We wouldn’t notice it here. But in Hong Kong there were basically two kinds of markets. One was for luxury brands like Dior or Armani. For everyone else it was largely hit or miss. So FEER did a cover story on the entrepreneur who was one of the first to appeal to a Hong Kong middle class that was looking for quality and consistency and value.
That entrepreneur was Jimmy Lai.
After the article ran, Jimmy invited our editor, Gordon Crovitz, to lunch. When Gordon got back, he sent me a note in his spidery handwriting. It said, “Jimmy claims to be the only man in Hong Kong to have read all of … Engels.”
It turned out that Gordon had actually written Hayek—not Engels. And that was my entry into the world of Jimmy Lai.
Eventually we grew as close as brothers. I was his godfather when he became a Catholic a week after the 1997 handover. His wife, Teresa, is godmother to one of my daughters, and my wife, Julie, to one of his. So, this is personal.
In October, my wife and daughter Grace were detained a few hours at Hong Kong’s airport when they tried to visit what had been our former home. It’s but a small example of the harassment that has now become routine in Chinese-ruled Hong Kong.
It is also personal for Cato. When Cato first set up the Milton Friedman Prize more than 20 years ago, Jimmy was on its international selection committee. Now that he is in prison for promoting these same values, Cato has not forgotten him.
I’m proud to say the Wall Street Journal has been another stalwart defender. Thank goodness for freedom. Thank goodness for this night. Thank goodness for the Wall Street Journal and the Cato Institute.
My second point is what Jimmy’s case says about today’s China. In China under Xi Jinping, we have a resurgence of old-style Communist oppression. We also have a resurgence of apologists. Many who have eaten at Jimmy’s table and have benefited from his generosity now pretend they don’t know him.

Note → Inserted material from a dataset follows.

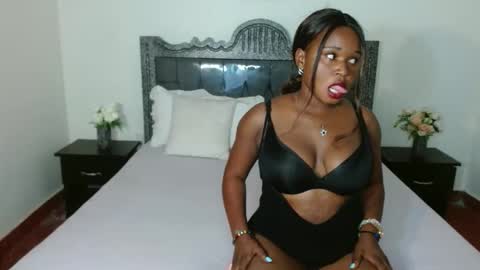 Snapshot of nasteha chatting on October 21, 9:41 pm Nasteha online show from October 21, 9:41 pm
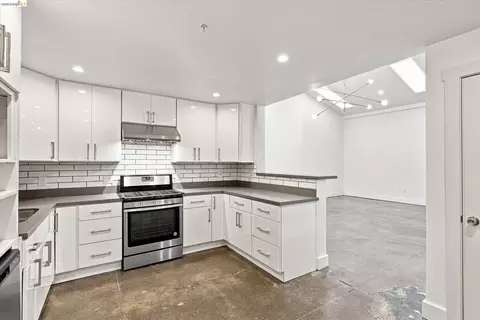 Kitchen - 1451 13th St #1, Oakland, CA 94607 photo 3 of 3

Both Jimmy and Milton had high hopes for China when it first began to open its markets. Maybe they were too optimistic. But let us acknowledge that the turn to global markets has brought enormous benefits to the Chinese people—in terms of opportunity, life expectancy, contact with the outside world, and so on.
The willingness of so many American corporations to kowtow to Beijing seems to be confirming Marx’s quip that when the last of the bourgeoisie is hanged, a capitalist will sell him the rope. But one reason China gets away with it is the sheer size of its market. Any normal-size nation, even a relatively large one like Vietnam or Japan, simply lacks the leverage over global investors and foreign governments to get away with what China does routinely.
In the midst of this, Hong Kong still makes Friedman’s point. The British never delivered political freedom to Hong Kong. But the tremendous economic freedom Hong Kong enjoyed created a life ordinary Chinese people never knew before. And it’s no coincidence now that China’s crackdown on Hong Kong abuses many of these critical freedoms. That includes the government theft of Jimmy’s newspaper from him because it gave people an alternative to the official point of view.
It’s not the free market that makes China a menace in today’s world. It’s the deliberate undermining of the rule of law that free markets can’t themselves create but ultimately depend on. And there will be consequences.
My final point about Jimmy is that he had a close relationship with Milton that stemmed from principles they had in common.
It was a match made in heaven. Before he ever met Jimmy, Milton had been traveling to Hong Kong for decades. Hong Kong routinely featured as Exhibit A in his case for free markets. It also featured in his popular TV series Free to Choose.
Jimmy accompanied Milton on one of his trips into China in the 1990s. Jimmy told me they were in Chongqing—a city built on a cliff. One member of their group looked up at the steep slope they had to climb from the river. He said, “I can’t do it.”